Robert Belgrave, from Wirehive, and BIMA South asks the controversial question: is it time for innovative businesses to move from Silicon Roundabout?
London and innovation. Innovation and London. These days, the two are inseparable.
And the bond is only tightening. Just recently, a cluster of London boroughs and the Greater London Authority (GLA) unveiled plans to create a London Office of Technology and Innovation (LOTI) to link and strengthen digital initiatives in the capital.
GLA assistant director Andrew Collinge explains in a blogpost that while there are many initiatives encouraging collaboration in London, there is even more to be done to deliver innovation at scale and across boundaries. He implores readers to “Get involved in the next stage of London’s data, digital and technology journey.”
Good news for London, for sure. At a time of great upheaval, as we career into a post-Brexit unknown, we need to invest in and safeguard our greatest assets. According to the newly-released Disrupt 100 report, which ranks the world’s most disruptive ventures according to a judging panel of top tech firms such as Uber and Google UK, the UK’s start-up economy is flourishing, and continues to lead innovation in Europe. However, Matt Connolly, founder of the initiative and CEO of Tällt Ventures, warns that Britain “must remain an attractive option for start-ups if the UK is to maintain this status”.
As our capital stands at the helm of the economy, strengthening it is no doubt paramount to a stable future; but what about the innovation hubs popping up all over the country? Whether it’s Edinburgh, Manchester, Bristol or Bournemouth, these once promising digital collectives have now become booming economies.
What’s more, a study released earlier this year by accountancy firm UHY Hacker Young found fewer entrepreneurs are founding start-ups in London. The acclaimed Silicon Roundabout saw a 70 per cent fall in the number of new businesses set up across 2016. Is it time to turn our attention elsewhere?

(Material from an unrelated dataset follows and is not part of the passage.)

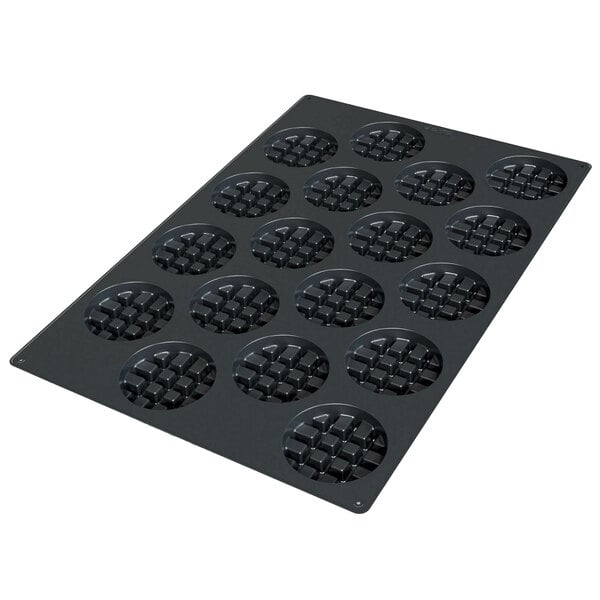 a black baking tray with holes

In short, of course the answer would be no. Progressive initiatives like LOTI are, generally speaking, a bright idea. However, there is also a danger that as we advance our capital even further, we risk turning our backs on other promising regions. Rather than ignoring non-London innovation, there is a pressing need to start looking beyond the capital as the beating heart of our digital future – and we need to be unified in this objective on a national scale.
To break the habit, businesses have an important role to play. Whether in aerospace, banking or cosmetics, most industries today are being transformed and futureproofed by technological innovation, and they need to start recognising and investing in this reality.
My web hosting company Wirehive, for instance, which is based in Farnborough, has been running an awards ceremony for a number of years to celebrate outstanding creative and technical talent across the South. This year we’ll be hosting Wirehive 100 in Southampton, one of the UK’s rapidly growing tech clusters and host to the University of Southampton’s Science Park, which provides workspace for digital tech and science businesses. Earlier this year, we also teamed up with Surrey-based digital agency Kyan to host Web Expo Guilford, a conference to discuss the latest technologies, products and services impacting our day-to-day lives – exactly the kind of event you’d expect to find in a plush Shoreditch hotel.
These initiatives are just a couple of examples of how businesses can take charge, offering on-the-ground support and proactively celebrating other cities. But much more can be done. For instance, businesses should also be forming ties with schools and higher education institutions to educate students, who are just starting out, about the plethora of options across the country, rather than automatically directing them towards London.
Of course, local governments and businesses have a responsibility to showcase what their cities have to offer and help foster their individual economies; but, as the world becomes increasingly globalised and competitive, they need help. In order for the UK as a whole to retain its place as a figurehead of innovation, we need to do so together.